(Supplied records Opens)

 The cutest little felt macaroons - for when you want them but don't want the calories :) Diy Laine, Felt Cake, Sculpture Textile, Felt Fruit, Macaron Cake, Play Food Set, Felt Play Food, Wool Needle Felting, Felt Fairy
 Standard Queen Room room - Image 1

(Supplied records Closes)
(Supplied records Opens)

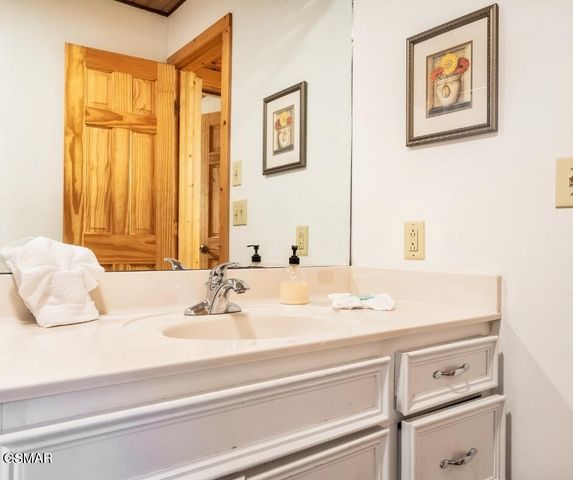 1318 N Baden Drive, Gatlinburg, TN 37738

(Supplied records Closes)

From the listing above, the lines starting with the one that has "The cutest little" and running through the one that has "Standard Queen Room room - Image 1" should be copied exactly, ends included.

◆ Task answer:
 The cutest little felt macaroons - for when you want them but don't want the calories :) Diy Laine, Felt Cake, Sculpture Textile, Felt Fruit, Macaron Cake, Play Food Set, Felt Play Food, Wool Needle Felting, Felt Fairy
 Standard Queen Room room - Image 1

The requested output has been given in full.